I knew I was dying and I was terrified. I did not want to die. I wanted to live. But I was so sad. My body hurt and I looked at myself. “How did I get to this point?” I was so sick I couldn’t control my bladder. I peed on myself. I sobbed as I tried to focus on a paper that I had to write. I couldn’t focus. I sat there for 11 hours trying to write a 4-page paper. I could not think, I could not be productive. I simply sat there thinking about nothing. In anger I went to my fridge and grabbed a potato, I had not eaten anything like this in months. I warmed it up and thought to myself. Take this. I don’t want to die. I need this to write my paper, screw the guilt. I can do this. I ate the potato, I ate an apple, I waited. Nothing happening. I still was not able to focus. I did not feel better. I was still cold and light headed. I was so frustrated. I ate, shouldn’t I feel better? Instead, I could not focus because my brain screamed you just ate that. You just consumed 200 calories. You can’t take back what you just ate. Instead of helping me focus I now not only felt weak, but I also felt the extreme guilt. I called my mom. I was so scared. I thought I was going to die. I called her, telling her I needed help. That I was so scared. That I needed to come home. I left school the next day and finally came home. I wanted healing. I wanted restoration. I wanted freedom. And I needed love. I came home to open arms. My parents hugged me, supported and with tears in their eyes whispered to me “you’re going to get through this.”


The first night I was home my dad knocked on my door. He came in softly, so tenderly. His blue eyes were filled with concern and love. We sat there. Then I finally verbalised my fear. I verbalised that I thought I was going to die.
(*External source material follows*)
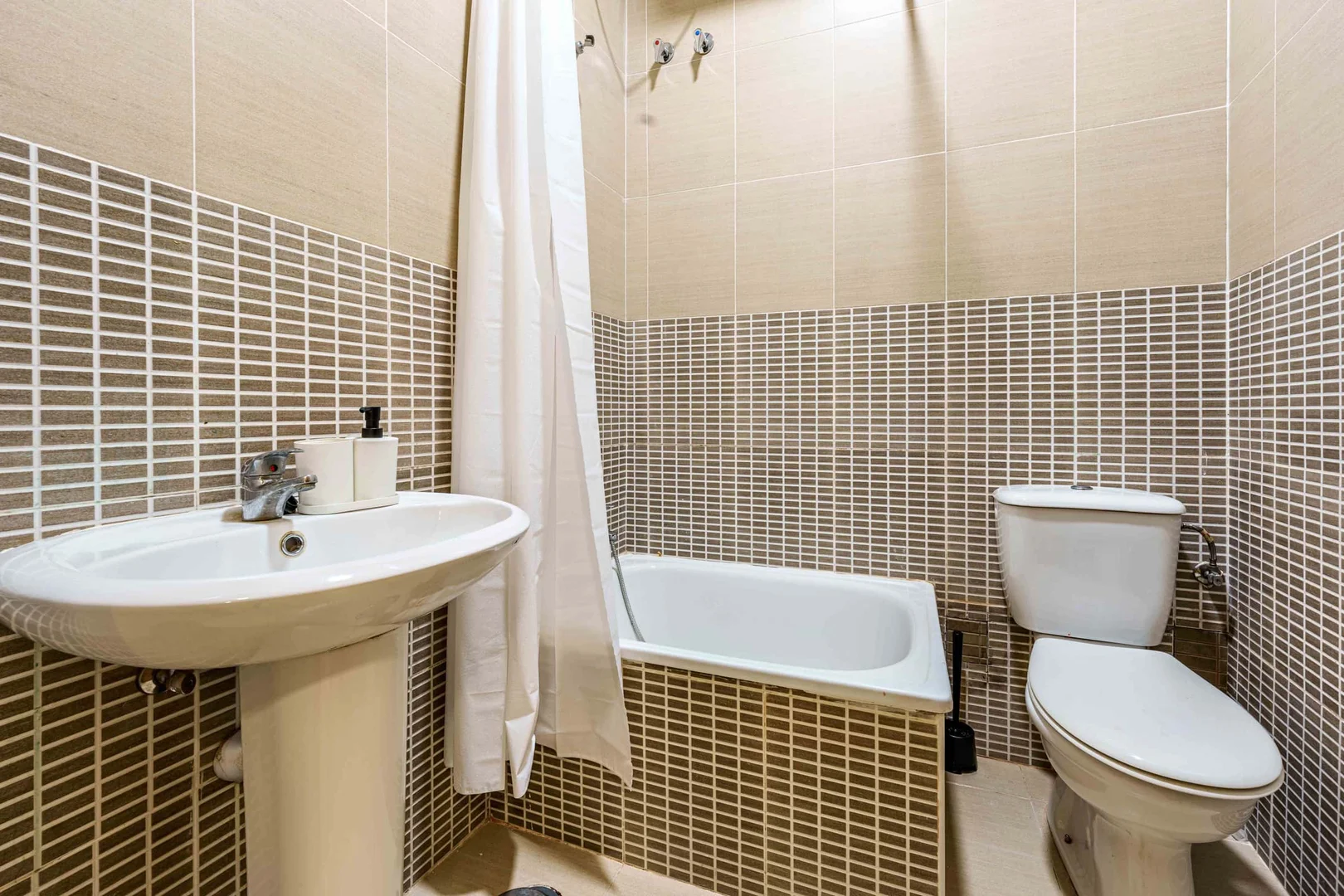 Habitación estudiantil económica con ubicación conveniente en 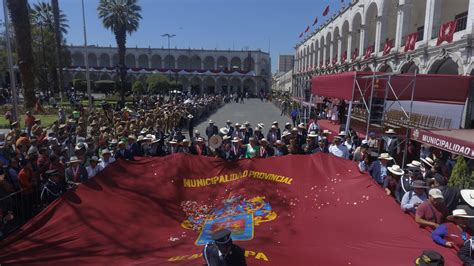 Realizan Tradicional Paseo Del Estandarte Por El 479° Aniversario De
I finally unpacked all my symptoms. I told him that I did not know if I could fight this. That I was so scared. That I had not been able to poop for two weeks, that I could not walk up the stairs, that I had peed on myself, that I was at the lowest weight I had been and then with tears and sobs I confessed to him that I had not had a period in months. I told him that I thought my lifelong desire and dream of being a mom and having a family was gone. That I would never be able to be called mom. His eyes filled with tears. He gripped my hand and said, “We are going to get you help. You will get better”. We hugged and in that moment I felt a tender love that I had never felt from him before. My heart was overwhelmed by his soft words and his concern. I knew in that moment that he loved me and would do anything to help make my recovery possible.


Since that moment it has not been easy, it has not been simple. My journey has been filled with sleepless nights, extreme guilt and struggling but I have found something that trumps all of that. I have found freedom and hope. I have broken free from the chains that suffocated me. I have regained my life back and I’m remembering what it is like to truly live. I no longer live in fear of death, but am able to think about my future. I can dream of being a mom one day because I finally got my period back. I can dream of playing tennis again because my body is getting stronger. I can talk and not be lightheaded, I can walk up the stairs and not feel faint. I can eat without the overwhelming guilt. I can enjoy life and indulge in some of life’s little joys. I can laugh with my friends, I can eat chocolate, I can run around and laugh without fear that I am dying. I am free.


The thing with eating disorders is that they control you. They give you the illusion that you are in control, but that couldn’t be more from the truth. They control you. They tell you what to eat. They tell you how to feel. They make your body weak. They try to kill you. Once you break free from the lies and the grip of an eating disorder, you begin to see the beauty in life again and realise that life really is beautiful. You are bigger than your eating disorder. No matter how much you weigh, how malnourished you are or how terrified you are, you can find freedom. You can recover. You are worth it and one day you will be able to eat without intense guilt. You will be able to enjoy food again and one day you will look back and remember how far you’ve come. You are a fighter. You overcame. And you found freedom that unleashes you and sets you free.